The data: paired price time series of markets with identical resolution criteria. Polymarket’s price is the mid of the best bid and ask, Manifold’s the AMM price. Topics span sports futures, politics, econ, crypto prices, awards, and whatever other pairs I could find. Shooting for a sample size of at least 150.
I’ll probably use the prices one week before resolution, at least to resolve this market. I’ll bound Polymarket’s prices between 0.01 and 0.99 for a fair test. I’ll restrict the analysis to a-priori plausibly independent markets (which throws out a lot of politics markets). There’s a fairly big range of liquidity/number of traders in the markets.

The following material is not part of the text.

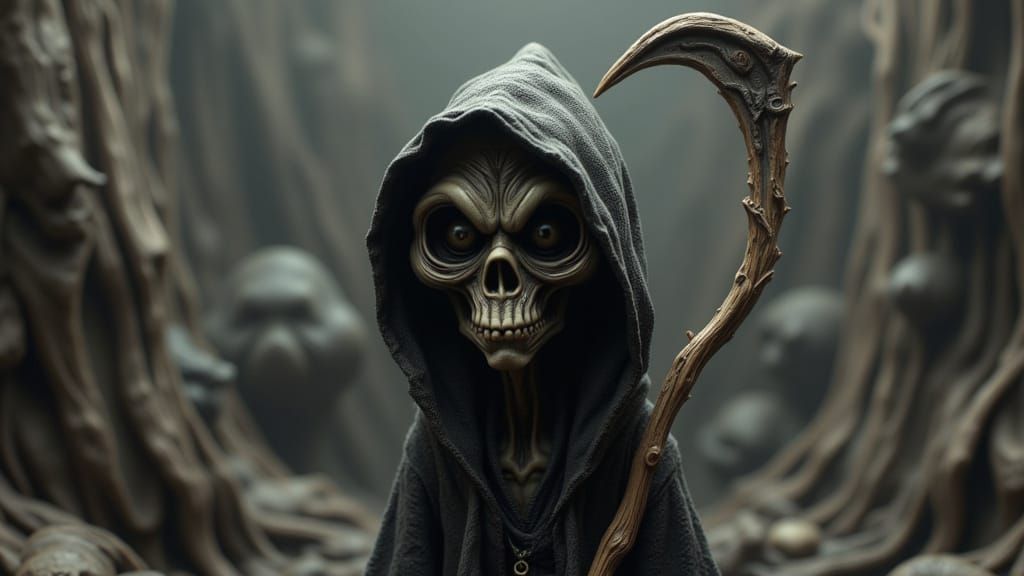 <lora:Flux Caricature:1.0> <lora:Claymation:1.0> <lora:-Luna...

The test: permutation test on difference in log scores. This means each market’s forecast is given the score ln(p) if it happened, ln(1-p) if it didn’t. Here, higher log score = more accurate. Then I’ll take the sum of differences in log scores across Polymarket-Manifold pairs. This is the test statistic.
If there were no systematic difference in accuracy, then the sign of each difference in log-scores should be random. This lets us generate a distribution of test statistics if Polymarket and Manifold were equally accurate - assign a random sign to the empirical log-score differences, compute the test statistic, then repeat (say) 10,000 times. If the true test statistic is greater than 95% of these values, we can reject the hypothesis of equal accuracy at 0.05 significance.
This market resolves YES iff this procedure shows Polymarket is more accurate than Manifold at p<0.05.
I anticipate I’ll have done this test some time in the next 1-3 months. But could be next week, whenever I get around to it given my other courses etc. I won’t trade in this market.
Update 2025-04-16 (PST) (AI summary of creator comment): Update from creator
Exclusion of Manipulated Markets: Any market with clearly manipulated resolutions (e.g. the Ukraine market or the Bitcoin reserve event) will be excluded from the analysis.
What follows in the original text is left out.